Swansong of a cordyline?

It's all part of gardening, of course.  Plants die; from old age, disease, winter cold, neglect or incorrect placing.  Providing the disease hasn't spread to the roots it should regenerate.  All I've lost is a little height and a few years growth.  But I'll miss it when its gone.  And I'll hope the bacterium doesn't spread to my 'Coffee Cream' or the baby 'Red Star' I've got in the rear garden.


  1. Glad to see the Coffee Cream making a strong comeback, it's not a cultivar that I see around much.

    Shame about the plain green form. I have a soft spot for cordylines. Yes, they are common as muck, and sometimes attract derision for it, but it cannot be denied that they can add that exotic feel to any garden with the minimal amount of work and stress.

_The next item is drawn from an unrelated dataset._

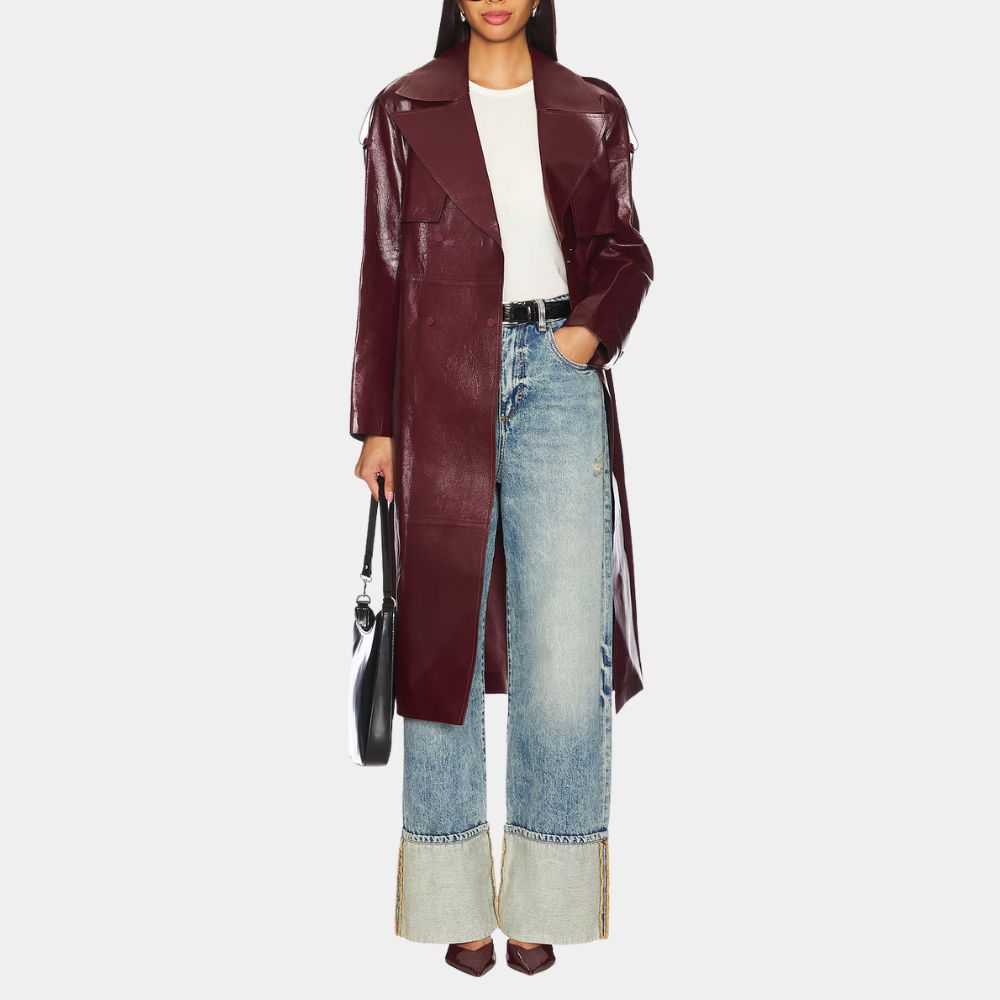 Selena Gomez Burgundy Leather Trench Coat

  2. Great recovery on the Coffee Cream, shame to see what happened on the other one. All our planted out Cordylines were cut down to the ground a couple of winters ago. Mostly it's just the plain green australis that do well in our garden, and find the coloured varieties more difficult to establish as they seem less hardy and prone to root rot, especially with our wet winters.

    As Ben has also said, we have a soft spot for Cordylines and still gravitate towards them whenever we see one.

  3. Thanks to you both. I've never taken Cordyline australis hardiness for granted ever since I lost a good sized one in my previous garden in the winter of 1986. It recovered from the root buds and was still there when I went past last year. I remember doing some training at a country club near Liskeard in Cornwall in 1997 and seeing the remains of good sized plants that had been trashed by the hard winter of that year. They were all for pulling them out until I recounted my experiences. There were some nice multistemmed ones the last time I was in that area.

    The coloured leaved forms are definitely more tender - though there is a nice 'Red Star' just up the road from me and another good one the next road down. I still regret losing 'Pink Stripe' 3 winters ago. It was shaping up to be a very attractive plant.